**Material shown**
────────
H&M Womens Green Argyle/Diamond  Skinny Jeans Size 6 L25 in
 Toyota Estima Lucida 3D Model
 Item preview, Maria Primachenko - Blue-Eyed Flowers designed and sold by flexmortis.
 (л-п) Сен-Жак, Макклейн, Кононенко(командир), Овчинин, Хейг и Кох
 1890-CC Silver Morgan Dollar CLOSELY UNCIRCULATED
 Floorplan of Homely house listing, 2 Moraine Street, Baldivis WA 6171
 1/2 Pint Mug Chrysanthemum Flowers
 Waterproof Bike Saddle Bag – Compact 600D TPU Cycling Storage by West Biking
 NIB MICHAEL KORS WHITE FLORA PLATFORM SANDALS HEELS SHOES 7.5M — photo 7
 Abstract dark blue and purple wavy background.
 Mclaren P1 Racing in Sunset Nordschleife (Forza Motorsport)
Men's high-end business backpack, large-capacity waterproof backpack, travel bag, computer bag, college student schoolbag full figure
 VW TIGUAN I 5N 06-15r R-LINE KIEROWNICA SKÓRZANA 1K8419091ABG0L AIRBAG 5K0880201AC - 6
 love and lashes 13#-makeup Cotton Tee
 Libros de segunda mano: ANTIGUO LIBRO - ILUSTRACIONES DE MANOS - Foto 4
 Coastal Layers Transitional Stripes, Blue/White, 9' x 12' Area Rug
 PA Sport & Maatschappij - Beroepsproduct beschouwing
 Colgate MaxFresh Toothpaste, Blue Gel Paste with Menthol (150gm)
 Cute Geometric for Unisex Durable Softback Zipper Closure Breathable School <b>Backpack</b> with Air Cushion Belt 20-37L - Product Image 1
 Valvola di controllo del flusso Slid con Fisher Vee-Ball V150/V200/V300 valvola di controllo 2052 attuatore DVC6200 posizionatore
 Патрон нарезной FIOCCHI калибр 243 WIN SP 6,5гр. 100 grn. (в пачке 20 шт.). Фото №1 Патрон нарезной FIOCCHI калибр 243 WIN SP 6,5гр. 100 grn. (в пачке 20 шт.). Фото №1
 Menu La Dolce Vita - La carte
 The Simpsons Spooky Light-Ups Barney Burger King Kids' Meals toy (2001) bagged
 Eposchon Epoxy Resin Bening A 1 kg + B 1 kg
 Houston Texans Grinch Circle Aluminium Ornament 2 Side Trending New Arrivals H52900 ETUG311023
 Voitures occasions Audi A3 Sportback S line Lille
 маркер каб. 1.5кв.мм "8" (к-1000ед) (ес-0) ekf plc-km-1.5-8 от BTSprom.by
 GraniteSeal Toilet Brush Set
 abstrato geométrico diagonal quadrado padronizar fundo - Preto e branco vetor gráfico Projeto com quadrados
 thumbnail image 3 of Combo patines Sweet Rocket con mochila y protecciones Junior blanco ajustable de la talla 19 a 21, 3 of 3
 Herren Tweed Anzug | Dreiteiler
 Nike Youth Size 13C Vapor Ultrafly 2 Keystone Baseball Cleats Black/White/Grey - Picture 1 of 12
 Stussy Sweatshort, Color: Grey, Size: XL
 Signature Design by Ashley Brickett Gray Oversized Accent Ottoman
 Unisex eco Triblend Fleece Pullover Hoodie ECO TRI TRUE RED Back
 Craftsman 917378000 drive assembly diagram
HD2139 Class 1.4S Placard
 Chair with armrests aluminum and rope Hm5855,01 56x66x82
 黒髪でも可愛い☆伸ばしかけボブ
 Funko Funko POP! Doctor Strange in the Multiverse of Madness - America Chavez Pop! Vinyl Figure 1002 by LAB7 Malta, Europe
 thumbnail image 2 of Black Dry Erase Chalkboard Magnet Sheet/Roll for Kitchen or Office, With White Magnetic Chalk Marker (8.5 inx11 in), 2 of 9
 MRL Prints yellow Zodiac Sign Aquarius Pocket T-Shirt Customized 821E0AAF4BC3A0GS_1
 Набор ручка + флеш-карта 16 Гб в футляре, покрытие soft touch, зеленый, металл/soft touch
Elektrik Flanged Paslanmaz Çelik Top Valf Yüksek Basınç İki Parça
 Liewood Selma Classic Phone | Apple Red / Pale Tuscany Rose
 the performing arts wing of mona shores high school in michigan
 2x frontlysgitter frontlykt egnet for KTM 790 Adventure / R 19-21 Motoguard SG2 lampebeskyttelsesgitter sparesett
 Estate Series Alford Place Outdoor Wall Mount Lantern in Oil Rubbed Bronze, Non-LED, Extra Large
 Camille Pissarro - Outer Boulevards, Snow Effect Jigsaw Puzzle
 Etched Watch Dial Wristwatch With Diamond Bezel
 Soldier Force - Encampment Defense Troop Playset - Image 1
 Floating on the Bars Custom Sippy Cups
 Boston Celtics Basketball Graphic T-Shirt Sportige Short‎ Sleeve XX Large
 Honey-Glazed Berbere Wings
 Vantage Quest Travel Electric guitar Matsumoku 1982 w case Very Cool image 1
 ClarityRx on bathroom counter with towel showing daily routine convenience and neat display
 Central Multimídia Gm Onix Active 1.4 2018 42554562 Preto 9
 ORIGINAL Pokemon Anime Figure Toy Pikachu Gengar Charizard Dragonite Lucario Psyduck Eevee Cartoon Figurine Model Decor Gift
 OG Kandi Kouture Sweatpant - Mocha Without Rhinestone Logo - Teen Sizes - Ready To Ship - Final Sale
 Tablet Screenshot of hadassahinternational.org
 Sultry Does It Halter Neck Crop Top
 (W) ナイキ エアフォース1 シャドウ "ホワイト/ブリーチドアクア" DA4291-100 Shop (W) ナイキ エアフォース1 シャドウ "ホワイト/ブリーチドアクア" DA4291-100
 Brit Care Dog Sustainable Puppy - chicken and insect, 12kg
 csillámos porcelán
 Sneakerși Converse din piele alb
────────
Only one part of the material above is to be transcribed, namely the lines starting with the line that has "Toyota Estima Lucida 3D Model" and going on through the line that has "Men's high-end business", exactly as they stand.

 Toyota Estima Lucida 3D Model
 Item preview, Maria Primachenko - Blue-Eyed Flowers designed and sold by flexmortis.
 (л-п) Сен-Жак, Макклейн, Кононенко(командир), Овчинин, Хейг и Кох
 1890-CC Silver Morgan Dollar CLOSELY UNCIRCULATED
 Floorplan of Homely house listing, 2 Moraine Street, Baldivis WA 6171
 1/2 Pint Mug Chrysanthemum Flowers
 Waterproof Bike Saddle Bag – Compact 600D TPU Cycling Storage by West Biking
 NIB MICHAEL KORS WHITE FLORA PLATFORM SANDALS HEELS SHOES 7.5M — photo 7
 Abstract dark blue and purple wavy background.
 Mclaren P1 Racing in Sunset Nordschleife (Forza Motorsport)
Men's high-end business backpack, large-capacity waterproof backpack, travel bag, computer bag, college student schoolbag full figure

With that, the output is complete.